[DATA UNDER STUDY]
= Beginning of Section =

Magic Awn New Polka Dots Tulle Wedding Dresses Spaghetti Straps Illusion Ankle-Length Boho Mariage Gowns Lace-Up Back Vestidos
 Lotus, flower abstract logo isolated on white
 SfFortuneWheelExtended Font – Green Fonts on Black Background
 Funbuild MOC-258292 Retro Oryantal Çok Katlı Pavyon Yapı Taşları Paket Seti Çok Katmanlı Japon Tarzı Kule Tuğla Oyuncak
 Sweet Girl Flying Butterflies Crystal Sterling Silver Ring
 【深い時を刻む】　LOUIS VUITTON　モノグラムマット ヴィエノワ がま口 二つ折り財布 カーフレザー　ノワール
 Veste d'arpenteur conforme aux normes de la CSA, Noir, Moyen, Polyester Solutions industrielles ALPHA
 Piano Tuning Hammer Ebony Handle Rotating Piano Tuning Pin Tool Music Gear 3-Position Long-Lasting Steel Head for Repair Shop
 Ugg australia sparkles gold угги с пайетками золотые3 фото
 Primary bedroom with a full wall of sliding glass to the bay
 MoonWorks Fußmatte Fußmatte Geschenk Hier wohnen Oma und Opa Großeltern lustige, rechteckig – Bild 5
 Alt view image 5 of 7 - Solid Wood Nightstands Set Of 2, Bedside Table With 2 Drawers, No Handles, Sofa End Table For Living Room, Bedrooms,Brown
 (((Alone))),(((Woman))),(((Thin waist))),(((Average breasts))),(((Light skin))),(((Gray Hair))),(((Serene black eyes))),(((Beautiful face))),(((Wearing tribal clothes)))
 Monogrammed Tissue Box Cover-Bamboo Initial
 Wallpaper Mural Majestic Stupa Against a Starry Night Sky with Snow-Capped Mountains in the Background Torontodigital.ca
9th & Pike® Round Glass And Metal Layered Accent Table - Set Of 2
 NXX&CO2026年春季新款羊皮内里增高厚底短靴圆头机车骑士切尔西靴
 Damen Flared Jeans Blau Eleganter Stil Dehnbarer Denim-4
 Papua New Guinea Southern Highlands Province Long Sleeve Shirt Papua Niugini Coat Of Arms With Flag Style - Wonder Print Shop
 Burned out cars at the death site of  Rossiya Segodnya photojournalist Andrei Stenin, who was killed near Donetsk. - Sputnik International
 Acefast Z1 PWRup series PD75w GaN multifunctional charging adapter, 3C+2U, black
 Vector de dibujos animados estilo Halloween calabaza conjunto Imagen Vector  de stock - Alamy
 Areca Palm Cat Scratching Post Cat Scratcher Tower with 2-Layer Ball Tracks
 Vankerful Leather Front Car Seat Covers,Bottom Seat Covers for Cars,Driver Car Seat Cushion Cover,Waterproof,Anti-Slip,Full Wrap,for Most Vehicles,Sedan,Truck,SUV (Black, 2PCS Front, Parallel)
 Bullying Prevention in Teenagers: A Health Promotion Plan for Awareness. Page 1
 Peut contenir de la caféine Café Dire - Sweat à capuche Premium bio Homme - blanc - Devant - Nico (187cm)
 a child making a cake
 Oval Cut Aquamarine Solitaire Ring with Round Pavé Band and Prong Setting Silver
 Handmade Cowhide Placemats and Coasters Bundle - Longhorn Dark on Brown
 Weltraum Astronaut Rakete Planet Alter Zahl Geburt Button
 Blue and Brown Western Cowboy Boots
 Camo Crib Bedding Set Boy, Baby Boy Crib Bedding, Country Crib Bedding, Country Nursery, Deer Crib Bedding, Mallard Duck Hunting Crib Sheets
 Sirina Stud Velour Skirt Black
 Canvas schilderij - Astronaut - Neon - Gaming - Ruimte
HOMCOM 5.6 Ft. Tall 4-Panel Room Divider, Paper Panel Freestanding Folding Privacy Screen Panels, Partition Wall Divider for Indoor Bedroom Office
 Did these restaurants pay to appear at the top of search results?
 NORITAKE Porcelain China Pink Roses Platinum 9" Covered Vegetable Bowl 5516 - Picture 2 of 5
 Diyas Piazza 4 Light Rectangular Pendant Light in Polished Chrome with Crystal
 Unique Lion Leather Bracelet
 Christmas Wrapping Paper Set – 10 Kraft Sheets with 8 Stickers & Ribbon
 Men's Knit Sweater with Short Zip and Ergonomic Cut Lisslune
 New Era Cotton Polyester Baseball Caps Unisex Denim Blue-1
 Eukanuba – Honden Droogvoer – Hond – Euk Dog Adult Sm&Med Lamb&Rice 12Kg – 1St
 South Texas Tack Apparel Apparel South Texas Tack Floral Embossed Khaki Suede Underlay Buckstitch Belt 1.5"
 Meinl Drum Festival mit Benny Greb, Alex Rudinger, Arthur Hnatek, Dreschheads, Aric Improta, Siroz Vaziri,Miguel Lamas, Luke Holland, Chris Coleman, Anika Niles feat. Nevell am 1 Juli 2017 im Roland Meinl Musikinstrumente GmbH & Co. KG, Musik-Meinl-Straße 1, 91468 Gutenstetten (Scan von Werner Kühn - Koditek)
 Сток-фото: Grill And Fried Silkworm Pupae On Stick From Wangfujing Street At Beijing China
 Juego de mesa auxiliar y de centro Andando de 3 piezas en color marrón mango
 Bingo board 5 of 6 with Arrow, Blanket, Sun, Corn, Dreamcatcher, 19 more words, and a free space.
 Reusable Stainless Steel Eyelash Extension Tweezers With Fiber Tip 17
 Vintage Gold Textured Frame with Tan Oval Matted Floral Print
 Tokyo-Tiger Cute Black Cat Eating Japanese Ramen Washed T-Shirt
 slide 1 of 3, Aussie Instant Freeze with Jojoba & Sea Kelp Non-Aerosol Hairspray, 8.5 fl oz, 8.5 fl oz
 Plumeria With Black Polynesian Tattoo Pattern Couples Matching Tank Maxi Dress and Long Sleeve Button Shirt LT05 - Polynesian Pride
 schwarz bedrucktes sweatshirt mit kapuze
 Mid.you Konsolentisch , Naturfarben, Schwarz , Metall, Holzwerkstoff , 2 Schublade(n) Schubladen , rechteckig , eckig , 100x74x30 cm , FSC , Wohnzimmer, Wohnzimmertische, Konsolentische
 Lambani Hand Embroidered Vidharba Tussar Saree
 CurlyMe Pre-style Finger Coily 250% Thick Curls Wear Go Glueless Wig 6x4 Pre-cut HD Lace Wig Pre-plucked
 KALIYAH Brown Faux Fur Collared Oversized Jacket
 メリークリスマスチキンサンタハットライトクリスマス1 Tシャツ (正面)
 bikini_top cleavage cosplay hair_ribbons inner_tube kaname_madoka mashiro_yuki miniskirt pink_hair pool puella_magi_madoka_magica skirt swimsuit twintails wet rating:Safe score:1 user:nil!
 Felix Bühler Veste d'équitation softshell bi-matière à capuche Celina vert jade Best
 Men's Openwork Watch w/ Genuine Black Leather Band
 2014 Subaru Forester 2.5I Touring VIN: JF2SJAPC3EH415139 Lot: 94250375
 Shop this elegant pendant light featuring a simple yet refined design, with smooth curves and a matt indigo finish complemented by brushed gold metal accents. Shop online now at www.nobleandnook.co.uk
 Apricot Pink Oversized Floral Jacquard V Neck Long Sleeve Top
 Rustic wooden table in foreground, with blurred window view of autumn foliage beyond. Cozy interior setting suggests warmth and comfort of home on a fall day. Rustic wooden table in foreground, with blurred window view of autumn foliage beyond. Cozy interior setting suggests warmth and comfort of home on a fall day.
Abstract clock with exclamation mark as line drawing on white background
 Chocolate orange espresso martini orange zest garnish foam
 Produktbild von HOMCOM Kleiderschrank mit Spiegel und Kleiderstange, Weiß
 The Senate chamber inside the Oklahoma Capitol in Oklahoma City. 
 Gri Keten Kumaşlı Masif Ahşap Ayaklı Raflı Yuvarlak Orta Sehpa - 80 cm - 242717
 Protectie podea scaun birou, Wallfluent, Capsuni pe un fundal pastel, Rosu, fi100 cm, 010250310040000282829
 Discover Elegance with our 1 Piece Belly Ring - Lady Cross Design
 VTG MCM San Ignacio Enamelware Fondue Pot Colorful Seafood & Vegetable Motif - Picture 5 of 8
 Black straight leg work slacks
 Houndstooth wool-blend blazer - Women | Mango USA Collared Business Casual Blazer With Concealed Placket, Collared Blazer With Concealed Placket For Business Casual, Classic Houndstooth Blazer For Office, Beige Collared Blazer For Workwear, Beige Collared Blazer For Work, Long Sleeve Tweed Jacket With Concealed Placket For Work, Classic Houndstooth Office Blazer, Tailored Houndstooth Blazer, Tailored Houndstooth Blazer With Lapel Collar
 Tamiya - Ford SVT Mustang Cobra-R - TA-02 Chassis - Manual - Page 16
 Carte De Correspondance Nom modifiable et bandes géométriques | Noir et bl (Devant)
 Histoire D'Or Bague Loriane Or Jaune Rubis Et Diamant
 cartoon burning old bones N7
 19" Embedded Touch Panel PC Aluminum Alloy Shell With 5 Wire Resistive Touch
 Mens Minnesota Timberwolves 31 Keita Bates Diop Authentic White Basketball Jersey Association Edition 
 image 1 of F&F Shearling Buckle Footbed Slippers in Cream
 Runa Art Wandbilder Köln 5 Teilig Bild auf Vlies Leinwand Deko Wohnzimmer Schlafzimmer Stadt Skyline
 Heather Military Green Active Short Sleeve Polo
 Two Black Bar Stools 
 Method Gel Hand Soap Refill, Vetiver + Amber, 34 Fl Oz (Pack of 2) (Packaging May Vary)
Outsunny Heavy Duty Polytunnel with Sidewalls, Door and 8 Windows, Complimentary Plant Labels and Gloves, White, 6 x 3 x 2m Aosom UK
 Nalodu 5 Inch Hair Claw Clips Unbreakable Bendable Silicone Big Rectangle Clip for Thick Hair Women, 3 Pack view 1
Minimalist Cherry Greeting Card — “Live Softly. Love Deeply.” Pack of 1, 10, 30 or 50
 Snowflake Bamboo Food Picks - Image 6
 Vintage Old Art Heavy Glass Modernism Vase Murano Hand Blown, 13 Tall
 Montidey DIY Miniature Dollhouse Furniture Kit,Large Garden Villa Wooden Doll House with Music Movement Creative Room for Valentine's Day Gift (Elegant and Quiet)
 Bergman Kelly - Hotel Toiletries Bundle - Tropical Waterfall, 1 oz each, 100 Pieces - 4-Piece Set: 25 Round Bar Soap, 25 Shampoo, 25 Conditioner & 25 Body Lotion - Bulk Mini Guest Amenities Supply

= End of Section =

[WHAT IS BEING ASKED] Reproduce every line of the entries above, unchanged, from the very first one down to and including the line containing "SfFortuneWheelExtended Font –".

[WRITTEN SOLUTION]
Magic Awn New Polka Dots Tulle Wedding Dresses Spaghetti Straps Illusion Ankle-Length Boho Mariage Gowns Lace-Up Back Vestidos
 Lotus, flower abstract logo isolated on white
 SfFortuneWheelExtended Font – Green Fonts on Black Background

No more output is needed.